Segment Start: Data extract

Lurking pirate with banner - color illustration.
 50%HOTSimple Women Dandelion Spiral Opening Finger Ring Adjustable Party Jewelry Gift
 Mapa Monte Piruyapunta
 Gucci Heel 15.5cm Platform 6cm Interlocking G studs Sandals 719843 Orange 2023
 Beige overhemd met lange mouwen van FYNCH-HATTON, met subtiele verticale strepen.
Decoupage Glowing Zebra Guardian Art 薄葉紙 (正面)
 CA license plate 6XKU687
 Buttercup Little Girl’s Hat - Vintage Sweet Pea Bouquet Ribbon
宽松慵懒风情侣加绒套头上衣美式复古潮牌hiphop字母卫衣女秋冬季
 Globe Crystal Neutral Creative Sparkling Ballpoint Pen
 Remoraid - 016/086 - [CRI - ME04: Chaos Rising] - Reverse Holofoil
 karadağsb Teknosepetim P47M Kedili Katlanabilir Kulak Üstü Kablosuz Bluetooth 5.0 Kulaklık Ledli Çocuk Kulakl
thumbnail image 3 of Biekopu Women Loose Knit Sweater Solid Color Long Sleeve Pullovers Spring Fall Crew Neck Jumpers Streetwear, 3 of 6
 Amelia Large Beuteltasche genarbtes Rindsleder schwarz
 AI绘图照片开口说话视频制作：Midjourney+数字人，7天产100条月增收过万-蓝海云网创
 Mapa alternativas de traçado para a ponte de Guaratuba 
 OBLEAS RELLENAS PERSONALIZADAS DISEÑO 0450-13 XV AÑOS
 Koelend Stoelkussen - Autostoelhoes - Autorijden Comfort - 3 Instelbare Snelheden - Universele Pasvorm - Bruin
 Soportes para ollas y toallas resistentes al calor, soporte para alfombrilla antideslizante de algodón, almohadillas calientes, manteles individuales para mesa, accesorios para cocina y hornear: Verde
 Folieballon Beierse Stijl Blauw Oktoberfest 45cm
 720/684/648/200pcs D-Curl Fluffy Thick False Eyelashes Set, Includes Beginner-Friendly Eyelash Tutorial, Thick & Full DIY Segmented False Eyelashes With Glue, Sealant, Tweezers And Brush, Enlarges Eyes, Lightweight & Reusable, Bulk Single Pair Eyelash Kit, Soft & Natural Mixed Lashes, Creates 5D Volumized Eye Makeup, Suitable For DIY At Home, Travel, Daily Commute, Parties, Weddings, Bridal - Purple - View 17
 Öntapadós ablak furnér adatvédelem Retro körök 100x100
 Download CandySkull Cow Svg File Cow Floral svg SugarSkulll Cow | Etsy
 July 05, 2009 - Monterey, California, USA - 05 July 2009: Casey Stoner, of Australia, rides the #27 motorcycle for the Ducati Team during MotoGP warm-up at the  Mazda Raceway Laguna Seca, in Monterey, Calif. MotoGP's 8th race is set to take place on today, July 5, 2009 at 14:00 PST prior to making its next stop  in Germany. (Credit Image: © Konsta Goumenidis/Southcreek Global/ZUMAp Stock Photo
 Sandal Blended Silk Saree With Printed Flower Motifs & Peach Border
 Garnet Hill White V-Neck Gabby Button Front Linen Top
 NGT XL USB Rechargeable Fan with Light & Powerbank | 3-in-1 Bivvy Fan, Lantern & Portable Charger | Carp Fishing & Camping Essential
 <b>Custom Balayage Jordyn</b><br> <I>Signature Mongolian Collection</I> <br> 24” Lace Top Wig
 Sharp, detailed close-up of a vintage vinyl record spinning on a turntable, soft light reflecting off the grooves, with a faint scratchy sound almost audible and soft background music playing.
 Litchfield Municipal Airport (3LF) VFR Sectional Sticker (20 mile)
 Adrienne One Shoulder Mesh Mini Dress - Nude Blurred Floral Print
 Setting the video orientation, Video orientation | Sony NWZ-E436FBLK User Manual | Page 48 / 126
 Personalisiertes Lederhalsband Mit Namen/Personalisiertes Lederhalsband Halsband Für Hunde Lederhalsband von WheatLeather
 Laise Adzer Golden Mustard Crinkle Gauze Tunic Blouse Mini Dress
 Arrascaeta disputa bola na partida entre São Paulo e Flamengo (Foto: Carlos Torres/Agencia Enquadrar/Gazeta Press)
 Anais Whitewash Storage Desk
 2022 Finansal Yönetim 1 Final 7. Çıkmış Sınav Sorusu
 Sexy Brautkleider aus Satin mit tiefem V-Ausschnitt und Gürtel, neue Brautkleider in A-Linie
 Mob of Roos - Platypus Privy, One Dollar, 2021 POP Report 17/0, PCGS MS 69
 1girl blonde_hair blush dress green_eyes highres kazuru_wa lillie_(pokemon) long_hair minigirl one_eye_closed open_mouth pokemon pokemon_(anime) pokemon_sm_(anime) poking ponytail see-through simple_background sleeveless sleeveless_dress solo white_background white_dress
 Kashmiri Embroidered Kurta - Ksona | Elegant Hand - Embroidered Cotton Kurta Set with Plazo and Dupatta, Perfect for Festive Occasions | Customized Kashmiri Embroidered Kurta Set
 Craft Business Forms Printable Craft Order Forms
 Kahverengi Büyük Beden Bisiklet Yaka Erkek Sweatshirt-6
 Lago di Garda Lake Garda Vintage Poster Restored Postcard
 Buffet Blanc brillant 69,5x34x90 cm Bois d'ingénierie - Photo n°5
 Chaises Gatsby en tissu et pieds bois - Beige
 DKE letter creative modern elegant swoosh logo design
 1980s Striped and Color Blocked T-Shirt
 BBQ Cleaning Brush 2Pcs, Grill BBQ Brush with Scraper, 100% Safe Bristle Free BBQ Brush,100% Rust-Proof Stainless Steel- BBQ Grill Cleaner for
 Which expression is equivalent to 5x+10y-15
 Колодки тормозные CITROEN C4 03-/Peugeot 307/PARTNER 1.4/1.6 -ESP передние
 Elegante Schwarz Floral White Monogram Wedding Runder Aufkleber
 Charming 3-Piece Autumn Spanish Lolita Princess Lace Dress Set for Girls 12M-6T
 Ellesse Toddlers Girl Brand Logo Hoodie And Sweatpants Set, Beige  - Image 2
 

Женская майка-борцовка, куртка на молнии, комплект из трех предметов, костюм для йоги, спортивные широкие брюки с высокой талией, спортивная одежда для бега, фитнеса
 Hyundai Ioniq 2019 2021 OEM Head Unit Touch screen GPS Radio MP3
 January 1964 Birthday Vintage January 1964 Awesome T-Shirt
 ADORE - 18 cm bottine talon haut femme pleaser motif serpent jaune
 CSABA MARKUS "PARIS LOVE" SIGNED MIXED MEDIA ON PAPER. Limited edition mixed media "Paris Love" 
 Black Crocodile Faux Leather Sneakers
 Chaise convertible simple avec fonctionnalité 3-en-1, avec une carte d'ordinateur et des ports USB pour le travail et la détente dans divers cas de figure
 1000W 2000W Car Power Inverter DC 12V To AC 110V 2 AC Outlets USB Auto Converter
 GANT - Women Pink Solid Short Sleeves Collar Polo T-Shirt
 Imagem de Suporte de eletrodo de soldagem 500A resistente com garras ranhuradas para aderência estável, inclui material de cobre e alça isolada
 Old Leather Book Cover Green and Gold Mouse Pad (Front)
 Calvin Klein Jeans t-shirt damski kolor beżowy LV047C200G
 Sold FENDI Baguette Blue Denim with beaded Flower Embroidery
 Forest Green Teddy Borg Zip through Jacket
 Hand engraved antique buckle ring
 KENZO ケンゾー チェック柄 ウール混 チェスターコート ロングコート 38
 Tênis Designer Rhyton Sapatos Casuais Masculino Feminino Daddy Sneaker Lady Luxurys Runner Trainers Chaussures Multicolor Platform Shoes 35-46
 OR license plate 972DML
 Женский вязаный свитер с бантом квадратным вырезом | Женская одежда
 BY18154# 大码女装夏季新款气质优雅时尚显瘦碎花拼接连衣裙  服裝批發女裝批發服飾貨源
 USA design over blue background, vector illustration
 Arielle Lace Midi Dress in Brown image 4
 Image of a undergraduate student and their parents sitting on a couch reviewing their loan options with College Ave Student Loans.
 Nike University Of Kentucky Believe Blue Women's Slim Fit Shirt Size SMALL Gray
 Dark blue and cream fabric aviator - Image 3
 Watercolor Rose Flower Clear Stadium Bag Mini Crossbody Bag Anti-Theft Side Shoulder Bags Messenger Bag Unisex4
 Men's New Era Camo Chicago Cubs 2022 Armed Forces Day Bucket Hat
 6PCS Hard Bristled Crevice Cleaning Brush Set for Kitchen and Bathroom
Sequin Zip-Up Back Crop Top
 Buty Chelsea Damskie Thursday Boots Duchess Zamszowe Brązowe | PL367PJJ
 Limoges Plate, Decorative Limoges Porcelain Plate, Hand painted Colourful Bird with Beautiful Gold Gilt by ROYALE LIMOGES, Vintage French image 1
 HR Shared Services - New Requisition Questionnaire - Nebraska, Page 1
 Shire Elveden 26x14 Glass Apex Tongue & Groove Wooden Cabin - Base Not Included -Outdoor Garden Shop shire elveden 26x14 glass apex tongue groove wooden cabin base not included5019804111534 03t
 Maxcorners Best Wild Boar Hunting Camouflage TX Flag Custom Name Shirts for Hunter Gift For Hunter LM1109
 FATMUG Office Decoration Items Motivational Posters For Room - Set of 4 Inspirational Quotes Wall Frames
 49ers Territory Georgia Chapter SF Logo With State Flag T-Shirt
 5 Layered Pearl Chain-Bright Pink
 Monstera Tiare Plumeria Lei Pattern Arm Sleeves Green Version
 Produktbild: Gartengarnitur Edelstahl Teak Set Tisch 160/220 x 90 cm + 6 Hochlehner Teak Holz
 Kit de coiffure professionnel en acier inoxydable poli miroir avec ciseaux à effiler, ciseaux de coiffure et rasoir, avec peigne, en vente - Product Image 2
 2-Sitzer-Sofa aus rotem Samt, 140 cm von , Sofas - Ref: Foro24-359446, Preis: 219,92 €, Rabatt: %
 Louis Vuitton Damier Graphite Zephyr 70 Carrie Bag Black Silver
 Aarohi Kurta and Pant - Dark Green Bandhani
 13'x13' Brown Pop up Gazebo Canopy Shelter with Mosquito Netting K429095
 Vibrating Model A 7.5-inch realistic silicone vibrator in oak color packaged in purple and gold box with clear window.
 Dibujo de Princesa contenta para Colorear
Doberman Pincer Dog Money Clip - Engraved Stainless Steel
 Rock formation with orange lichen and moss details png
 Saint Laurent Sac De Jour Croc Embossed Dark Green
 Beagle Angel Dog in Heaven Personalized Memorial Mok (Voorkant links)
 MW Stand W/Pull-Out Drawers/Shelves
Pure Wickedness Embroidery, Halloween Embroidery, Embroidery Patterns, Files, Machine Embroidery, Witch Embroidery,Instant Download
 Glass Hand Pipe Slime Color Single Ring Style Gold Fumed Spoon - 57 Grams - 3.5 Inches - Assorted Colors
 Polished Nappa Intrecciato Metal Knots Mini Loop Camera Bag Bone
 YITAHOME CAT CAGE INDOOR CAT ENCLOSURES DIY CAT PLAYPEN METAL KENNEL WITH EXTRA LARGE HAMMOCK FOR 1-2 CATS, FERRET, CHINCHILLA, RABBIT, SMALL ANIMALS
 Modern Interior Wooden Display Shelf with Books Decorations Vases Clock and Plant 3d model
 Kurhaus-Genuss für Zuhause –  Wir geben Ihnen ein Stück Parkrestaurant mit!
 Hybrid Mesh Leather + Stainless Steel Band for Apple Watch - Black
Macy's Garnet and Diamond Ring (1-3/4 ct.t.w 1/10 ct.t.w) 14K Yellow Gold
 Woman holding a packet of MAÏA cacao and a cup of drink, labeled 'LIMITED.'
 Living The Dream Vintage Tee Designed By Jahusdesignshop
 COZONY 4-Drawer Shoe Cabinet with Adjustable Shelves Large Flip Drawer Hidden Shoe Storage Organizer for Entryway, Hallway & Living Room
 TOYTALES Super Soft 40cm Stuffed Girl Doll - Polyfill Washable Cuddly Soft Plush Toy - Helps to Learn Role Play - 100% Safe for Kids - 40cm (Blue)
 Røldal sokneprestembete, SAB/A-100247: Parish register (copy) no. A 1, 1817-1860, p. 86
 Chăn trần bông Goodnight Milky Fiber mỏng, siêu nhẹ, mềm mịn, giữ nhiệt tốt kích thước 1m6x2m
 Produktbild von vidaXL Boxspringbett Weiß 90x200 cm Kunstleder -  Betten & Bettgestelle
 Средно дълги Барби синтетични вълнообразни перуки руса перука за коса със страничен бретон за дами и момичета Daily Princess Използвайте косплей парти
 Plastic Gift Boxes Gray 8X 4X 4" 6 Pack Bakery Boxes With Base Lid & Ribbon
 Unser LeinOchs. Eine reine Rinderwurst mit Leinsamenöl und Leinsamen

Segment End: Data extract

* **Your task**
Could you set down, word for word, only the lines above from the line with "Lago di Garda" to the line with "Black Crocodile Faux Leather Sneakers", including both?

* **Result of this task**
 Lago di Garda Lake Garda Vintage Poster Restored Postcard
 Buffet Blanc brillant 69,5x34x90 cm Bois d'ingénierie - Photo n°5
 Chaises Gatsby en tissu et pieds bois - Beige
 DKE letter creative modern elegant swoosh logo design
 1980s Striped and Color Blocked T-Shirt
 BBQ Cleaning Brush 2Pcs, Grill BBQ Brush with Scraper, 100% Safe Bristle Free BBQ Brush,100% Rust-Proof Stainless Steel- BBQ Grill Cleaner for
 Which expression is equivalent to 5x+10y-15
 Колодки тормозные CITROEN C4 03-/Peugeot 307/PARTNER 1.4/1.6 -ESP передние
 Elegante Schwarz Floral White Monogram Wedding Runder Aufkleber
 Charming 3-Piece Autumn Spanish Lolita Princess Lace Dress Set for Girls 12M-6T
 Ellesse Toddlers Girl Brand Logo Hoodie And Sweatpants Set, Beige  - Image 2
 

Женская майка-борцовка, куртка на молнии, комплект из трех предметов, костюм для йоги, спортивные широкие брюки с высокой талией, спортивная одежда для бега, фитнеса
 Hyundai Ioniq 2019 2021 OEM Head Unit Touch screen GPS Radio MP3
 January 1964 Birthday Vintage January 1964 Awesome T-Shirt
 ADORE - 18 cm bottine talon haut femme pleaser motif serpent jaune
 CSABA MARKUS "PARIS LOVE" SIGNED MIXED MEDIA ON PAPER. Limited edition mixed media "Paris Love" 
 Black Crocodile Faux Leather Sneakers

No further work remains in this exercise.